Reflections on Linguistic Cartography: Insights from Language Practices of African Marginals in Australia

2014 Linguistics Seminar Series

Presented by Dr FINEX NDHLOVU, Linguistics UNE

12-1pm  Wednesday 23rd July 2014

UNE Oorala Lecture Theatre  

All Welcome

This paper uses data on the language practices of African refugees in Australia (hereafter African marginals) to provide new theoretical and empirical insights into linkages between linguistic cartography and the interests of human geography.
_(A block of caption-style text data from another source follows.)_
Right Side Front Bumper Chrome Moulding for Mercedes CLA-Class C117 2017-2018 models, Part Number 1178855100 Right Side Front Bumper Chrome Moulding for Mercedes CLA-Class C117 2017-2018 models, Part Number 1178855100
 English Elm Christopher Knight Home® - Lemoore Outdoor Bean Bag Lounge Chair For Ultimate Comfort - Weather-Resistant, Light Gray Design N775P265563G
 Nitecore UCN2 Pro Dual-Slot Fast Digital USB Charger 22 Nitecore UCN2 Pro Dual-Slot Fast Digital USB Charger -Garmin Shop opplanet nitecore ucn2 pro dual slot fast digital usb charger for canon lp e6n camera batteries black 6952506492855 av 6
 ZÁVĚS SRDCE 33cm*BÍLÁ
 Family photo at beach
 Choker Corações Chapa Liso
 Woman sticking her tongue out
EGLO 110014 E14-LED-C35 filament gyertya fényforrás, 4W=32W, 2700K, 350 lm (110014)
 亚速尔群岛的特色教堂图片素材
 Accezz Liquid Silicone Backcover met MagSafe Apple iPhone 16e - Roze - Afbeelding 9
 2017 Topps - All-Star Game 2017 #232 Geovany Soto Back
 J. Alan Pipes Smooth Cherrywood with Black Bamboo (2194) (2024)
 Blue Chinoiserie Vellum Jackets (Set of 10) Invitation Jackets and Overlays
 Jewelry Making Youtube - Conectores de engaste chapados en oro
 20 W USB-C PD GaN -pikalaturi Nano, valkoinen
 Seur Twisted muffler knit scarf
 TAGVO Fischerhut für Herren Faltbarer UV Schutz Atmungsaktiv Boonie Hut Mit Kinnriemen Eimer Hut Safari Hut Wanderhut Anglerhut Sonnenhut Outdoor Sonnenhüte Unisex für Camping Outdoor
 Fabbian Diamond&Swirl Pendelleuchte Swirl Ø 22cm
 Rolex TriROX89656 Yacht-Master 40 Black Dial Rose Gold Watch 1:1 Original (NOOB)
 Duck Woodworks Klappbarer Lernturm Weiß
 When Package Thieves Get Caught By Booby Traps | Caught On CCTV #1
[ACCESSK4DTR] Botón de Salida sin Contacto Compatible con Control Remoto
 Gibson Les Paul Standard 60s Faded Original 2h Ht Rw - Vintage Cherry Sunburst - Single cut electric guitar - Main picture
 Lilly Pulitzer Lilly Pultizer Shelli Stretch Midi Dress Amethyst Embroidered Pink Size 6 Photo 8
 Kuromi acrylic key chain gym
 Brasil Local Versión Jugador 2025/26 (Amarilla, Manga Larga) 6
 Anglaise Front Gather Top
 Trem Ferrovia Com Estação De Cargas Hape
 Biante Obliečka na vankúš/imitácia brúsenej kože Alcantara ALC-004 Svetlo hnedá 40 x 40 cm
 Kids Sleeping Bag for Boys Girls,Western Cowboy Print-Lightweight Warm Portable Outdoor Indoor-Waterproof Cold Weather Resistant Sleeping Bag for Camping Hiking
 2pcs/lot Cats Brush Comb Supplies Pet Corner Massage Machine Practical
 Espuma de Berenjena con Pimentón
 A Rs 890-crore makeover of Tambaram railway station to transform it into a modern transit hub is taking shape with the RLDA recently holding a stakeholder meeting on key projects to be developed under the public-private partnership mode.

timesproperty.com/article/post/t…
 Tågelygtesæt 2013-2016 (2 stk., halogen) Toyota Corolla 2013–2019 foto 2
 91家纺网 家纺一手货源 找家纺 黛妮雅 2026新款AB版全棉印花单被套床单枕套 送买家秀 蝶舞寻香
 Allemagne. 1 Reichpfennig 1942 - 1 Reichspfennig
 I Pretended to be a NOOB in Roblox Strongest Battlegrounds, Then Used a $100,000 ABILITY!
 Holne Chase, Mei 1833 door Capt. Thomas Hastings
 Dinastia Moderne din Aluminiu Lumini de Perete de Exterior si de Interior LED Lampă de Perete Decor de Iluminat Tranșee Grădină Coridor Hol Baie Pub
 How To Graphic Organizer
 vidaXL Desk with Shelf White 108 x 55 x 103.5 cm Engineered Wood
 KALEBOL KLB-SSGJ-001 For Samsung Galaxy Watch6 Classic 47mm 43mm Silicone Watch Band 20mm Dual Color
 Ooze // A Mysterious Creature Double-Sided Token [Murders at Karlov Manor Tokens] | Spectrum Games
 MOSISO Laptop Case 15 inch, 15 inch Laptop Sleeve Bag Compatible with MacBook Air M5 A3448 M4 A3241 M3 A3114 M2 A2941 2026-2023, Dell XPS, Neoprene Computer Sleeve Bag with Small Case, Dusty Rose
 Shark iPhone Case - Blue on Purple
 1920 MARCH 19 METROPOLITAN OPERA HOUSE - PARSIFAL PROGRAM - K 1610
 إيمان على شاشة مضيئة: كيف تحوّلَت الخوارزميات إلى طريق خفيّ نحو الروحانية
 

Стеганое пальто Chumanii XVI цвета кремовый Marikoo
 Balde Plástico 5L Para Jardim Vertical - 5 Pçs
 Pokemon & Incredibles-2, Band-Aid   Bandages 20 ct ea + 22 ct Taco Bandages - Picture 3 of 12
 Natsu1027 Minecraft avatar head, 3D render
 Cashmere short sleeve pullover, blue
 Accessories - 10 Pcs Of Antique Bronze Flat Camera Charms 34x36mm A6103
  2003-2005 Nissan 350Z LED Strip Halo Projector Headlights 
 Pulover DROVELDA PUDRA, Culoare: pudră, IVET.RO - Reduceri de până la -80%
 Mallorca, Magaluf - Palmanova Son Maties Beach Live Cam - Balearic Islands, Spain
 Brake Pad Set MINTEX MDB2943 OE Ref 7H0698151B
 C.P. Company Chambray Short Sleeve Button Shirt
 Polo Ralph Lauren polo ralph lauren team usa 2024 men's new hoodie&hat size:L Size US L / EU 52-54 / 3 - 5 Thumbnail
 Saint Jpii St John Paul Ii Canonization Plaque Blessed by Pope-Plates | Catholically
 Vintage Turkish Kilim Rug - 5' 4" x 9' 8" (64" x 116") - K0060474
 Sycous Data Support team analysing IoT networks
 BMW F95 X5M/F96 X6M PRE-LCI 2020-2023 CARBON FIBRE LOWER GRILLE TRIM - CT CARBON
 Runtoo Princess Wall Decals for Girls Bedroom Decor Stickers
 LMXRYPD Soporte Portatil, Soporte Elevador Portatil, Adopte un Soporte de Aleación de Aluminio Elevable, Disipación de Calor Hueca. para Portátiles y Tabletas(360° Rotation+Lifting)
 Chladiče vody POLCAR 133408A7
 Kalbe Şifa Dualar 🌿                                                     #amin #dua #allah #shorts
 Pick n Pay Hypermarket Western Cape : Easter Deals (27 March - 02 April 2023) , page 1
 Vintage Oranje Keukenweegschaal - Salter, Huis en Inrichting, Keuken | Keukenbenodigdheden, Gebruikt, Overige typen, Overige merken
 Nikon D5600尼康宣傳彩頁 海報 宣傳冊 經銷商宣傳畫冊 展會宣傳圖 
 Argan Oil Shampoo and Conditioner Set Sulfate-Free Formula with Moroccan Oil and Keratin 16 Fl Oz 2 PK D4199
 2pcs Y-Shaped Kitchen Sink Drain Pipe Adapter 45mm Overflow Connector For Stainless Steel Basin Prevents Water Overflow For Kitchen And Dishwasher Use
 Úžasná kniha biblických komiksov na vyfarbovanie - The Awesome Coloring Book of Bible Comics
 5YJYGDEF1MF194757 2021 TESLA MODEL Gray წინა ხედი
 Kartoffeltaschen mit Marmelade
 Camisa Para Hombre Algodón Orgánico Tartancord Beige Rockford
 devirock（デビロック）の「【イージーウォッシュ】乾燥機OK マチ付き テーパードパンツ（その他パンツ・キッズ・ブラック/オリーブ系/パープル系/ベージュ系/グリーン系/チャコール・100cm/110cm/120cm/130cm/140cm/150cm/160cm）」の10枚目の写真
It considers the extremely diverse linguistic profiles, cultural practices, histories and life journeys of African marginals and their meanings for our understanding of language maps.

The paper argues for a paradigm shift in the discourse and praxis of mapping and interpreting linguistic cartographies of immigrant communities. By recourse to the concepts of cartography, margins and marginality, this paper provides compelling empirical and theoretical points announcing a radical departure from current understandings of marginal communities to new ways of thinking about our engagement with what it means to exist on the fringes of mainstream society. The geographical concepts of margins, marginality and that of linguistic cartography are taken into a new direction focusing on mental and social spaces – those complex and mixed language maps reflected in everyday life experiences of African marginals.

Linguistic cartographies are not conceived here as physical maps but as psycho-social maps imprinted in the hearts and minds and in everyday social transactions of individuals. Such conceptualisation is akin to Doreen Massey's (2003 and 2005) idea of space as an open-ended, unfinished and indeterminate simultaneity and not as a surface with clearly demarcated physical boundaries. In conclusion, a more refined and nuanced conception of the linguistic cartography/human geography interface is suggested – one that takes into account such issues as dialect continua, cultural practices, discursive practices, social relationships, and migration histories – and above all, one that conceives spaces and margins as always under construction because they are products of interrelations.